What you should do:
Copy each line of the listing below exactly and drop the images.
==== Information supplied ====
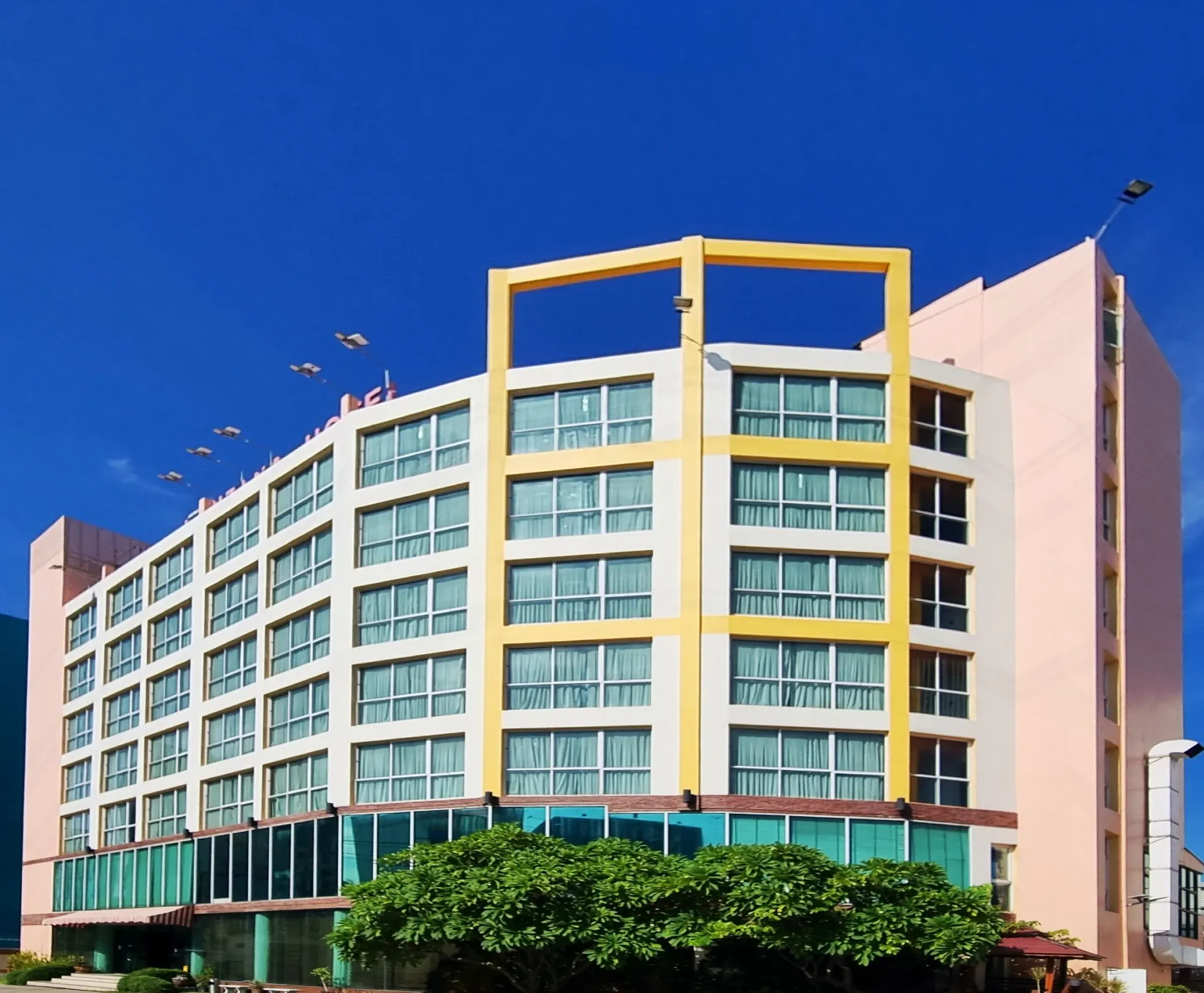 The curved yellow and white facade of Arawana Regency Ratchada against a clear blue sky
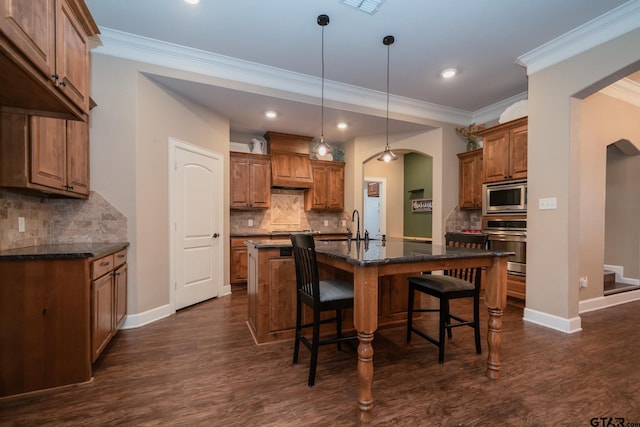 kitchen with arched walkways, appliances with stainless steel finishes, a breakfast bar area, and brown cabinets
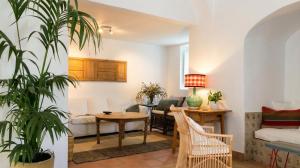a living room with a couch and a table at La Escribana in Constantina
====
Result:
 The curved yellow and white facade of Arawana Regency Ratchada against a clear blue sky
 kitchen with arched walkways, appliances with stainless steel finishes, a breakfast bar area, and brown cabinets
a living room with a couch and a table at La Escribana in Constantina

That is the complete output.